Significant Other: Theater review by Adam Feldman
Careful what you wish for, equality activists: The marriage track is not an easy groove. Just ask Jordan, the protagonist of Joshua Harmon’s mordantly amusing and well-observed new play, Significant Other. As portrayed by the sweetly tremulous Gideon Glick, who wears his nerves on his sleeve, Jordan is a nice gay Jewish boy in his late twenties whose closest friends are all women: assertive Kiki (Sas Goldberg), wry Vanessa (Carra Patterson) and kindly Laura (theater treasure Lindsay Mendez). One by one, they peel away from him on nuptial exit ramps, amid elaborate rituals of showers, bachelorette parties and wedding dances, and Jordan is left on the sidelines, driving hard to meet a soul mate but unversed in the traffic rules.

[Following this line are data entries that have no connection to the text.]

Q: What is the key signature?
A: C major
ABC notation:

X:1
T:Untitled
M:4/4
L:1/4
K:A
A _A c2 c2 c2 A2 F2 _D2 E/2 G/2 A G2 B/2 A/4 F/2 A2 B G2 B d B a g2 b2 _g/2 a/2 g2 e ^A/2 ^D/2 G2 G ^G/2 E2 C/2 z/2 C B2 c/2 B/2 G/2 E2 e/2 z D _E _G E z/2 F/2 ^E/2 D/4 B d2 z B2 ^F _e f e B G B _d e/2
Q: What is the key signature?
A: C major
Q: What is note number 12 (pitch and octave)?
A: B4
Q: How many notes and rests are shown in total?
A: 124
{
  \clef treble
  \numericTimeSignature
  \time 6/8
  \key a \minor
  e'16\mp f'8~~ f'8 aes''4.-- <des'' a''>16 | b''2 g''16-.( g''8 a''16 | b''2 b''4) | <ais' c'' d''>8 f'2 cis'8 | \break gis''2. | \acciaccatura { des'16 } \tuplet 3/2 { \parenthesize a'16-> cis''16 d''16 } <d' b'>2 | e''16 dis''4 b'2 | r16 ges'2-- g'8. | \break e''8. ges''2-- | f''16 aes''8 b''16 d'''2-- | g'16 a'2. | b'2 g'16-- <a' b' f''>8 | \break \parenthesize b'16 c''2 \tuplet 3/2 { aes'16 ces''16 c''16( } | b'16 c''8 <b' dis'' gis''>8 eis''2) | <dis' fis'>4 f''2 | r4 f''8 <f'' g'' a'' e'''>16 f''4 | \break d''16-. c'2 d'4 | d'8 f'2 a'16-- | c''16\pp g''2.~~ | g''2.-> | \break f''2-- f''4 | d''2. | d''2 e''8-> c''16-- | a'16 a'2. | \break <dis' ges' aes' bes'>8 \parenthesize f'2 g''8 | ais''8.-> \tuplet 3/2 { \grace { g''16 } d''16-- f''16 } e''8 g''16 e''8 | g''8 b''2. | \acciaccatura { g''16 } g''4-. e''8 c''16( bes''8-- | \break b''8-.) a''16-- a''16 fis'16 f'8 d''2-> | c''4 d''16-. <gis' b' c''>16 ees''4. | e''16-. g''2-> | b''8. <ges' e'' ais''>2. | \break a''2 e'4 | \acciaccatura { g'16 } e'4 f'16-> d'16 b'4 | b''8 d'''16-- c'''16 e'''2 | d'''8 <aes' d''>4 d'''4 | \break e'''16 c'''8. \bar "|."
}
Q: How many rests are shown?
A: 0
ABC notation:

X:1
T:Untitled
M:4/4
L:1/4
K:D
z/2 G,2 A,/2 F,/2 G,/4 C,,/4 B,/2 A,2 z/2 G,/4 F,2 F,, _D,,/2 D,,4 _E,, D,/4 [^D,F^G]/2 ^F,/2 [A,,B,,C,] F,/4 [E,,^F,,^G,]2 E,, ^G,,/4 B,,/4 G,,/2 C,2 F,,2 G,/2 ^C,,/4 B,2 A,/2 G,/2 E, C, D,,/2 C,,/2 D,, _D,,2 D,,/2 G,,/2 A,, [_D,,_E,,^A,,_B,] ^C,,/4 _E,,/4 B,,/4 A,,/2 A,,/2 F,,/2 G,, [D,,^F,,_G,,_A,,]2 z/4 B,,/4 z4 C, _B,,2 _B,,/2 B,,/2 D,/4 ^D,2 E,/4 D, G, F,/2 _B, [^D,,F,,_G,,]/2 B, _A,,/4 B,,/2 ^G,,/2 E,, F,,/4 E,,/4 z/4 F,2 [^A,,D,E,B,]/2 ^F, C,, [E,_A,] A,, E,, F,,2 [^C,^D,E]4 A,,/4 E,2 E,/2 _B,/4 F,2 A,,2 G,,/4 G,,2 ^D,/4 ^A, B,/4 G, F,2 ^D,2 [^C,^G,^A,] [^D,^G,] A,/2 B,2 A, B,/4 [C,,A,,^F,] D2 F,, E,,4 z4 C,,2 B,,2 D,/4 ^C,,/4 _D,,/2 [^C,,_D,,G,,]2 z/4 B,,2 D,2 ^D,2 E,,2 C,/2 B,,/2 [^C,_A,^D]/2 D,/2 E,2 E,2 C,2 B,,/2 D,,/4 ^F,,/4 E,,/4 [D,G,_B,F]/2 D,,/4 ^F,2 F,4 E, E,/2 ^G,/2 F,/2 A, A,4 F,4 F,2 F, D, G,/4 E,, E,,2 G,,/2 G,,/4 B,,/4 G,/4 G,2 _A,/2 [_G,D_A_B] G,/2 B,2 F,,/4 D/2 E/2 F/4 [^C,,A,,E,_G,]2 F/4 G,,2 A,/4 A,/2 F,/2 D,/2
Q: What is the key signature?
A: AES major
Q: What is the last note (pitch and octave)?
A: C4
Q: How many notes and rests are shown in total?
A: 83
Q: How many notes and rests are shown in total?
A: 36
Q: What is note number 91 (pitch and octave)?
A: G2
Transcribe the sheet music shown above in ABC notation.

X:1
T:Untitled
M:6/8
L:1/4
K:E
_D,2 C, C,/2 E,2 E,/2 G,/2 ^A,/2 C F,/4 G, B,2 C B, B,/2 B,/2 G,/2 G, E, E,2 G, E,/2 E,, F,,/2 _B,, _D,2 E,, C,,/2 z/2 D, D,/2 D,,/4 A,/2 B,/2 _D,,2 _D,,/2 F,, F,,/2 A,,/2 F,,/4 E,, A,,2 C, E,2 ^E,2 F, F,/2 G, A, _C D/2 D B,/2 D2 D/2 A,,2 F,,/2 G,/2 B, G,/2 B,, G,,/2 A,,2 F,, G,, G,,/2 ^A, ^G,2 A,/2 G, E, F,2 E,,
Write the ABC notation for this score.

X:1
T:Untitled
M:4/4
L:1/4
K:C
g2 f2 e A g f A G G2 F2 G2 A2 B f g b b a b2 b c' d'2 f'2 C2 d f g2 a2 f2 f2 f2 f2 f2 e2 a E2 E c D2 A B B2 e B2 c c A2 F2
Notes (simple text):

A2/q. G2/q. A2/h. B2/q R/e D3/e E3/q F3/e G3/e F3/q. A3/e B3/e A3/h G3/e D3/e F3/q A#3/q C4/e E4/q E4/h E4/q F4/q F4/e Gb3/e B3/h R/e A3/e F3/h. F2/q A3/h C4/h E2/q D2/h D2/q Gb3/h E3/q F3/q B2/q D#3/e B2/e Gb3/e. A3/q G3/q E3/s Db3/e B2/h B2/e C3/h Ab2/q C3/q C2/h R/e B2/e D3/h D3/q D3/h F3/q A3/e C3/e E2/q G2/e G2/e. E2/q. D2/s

Directed by Trip Cullman with a gimlet eye for social nuance, Significant Other is not a political play; its dominant mode is sharp but bittersweet New York comedy studded with wry one-liners, in the spirit of the late Wendy Wasserstein. (It’s like The Heidi Chronicles minus the feminist history.) And Jordan’s problems—insecurity, self-consciousness, obsessiveness, general lack of game—are not unique to gay people; one can imagine Significant Other with a straight female lead.
Yet the gay angle makes Harmon’s play especially timely and plangent. Advances in equality are not discussed explicitly, but they loom over the action as Jordan fumbles through attempted connections with a handsome colleague (John Behlmann) and a former acquaintance (Luke Smith). His crisis exists in a specific moment—ours—in which many LGBT people have rights but not privilege; the marital pathways are less clearly defined for Jordan than for his female friends, much less his elderly grandmother (a marvelous Barbara Barrie).
While such questions provide background, however, the play’s main assets are right up front, in the keenness of the writing and the humanity of the performances. As funny as Harmon’s breakthrough play, Bad Jews, but less pushy in its message, Significant Other makes you slap your knees until you notice they’re bruised.—Adam Feldman
Laura Pels Theatre (Off Broadway). By Joshua Harmon. Directed by Trip Cullman. With Gideon Glick, Lindsay Mendez. Running time: 2hrs 20mins. One intermission.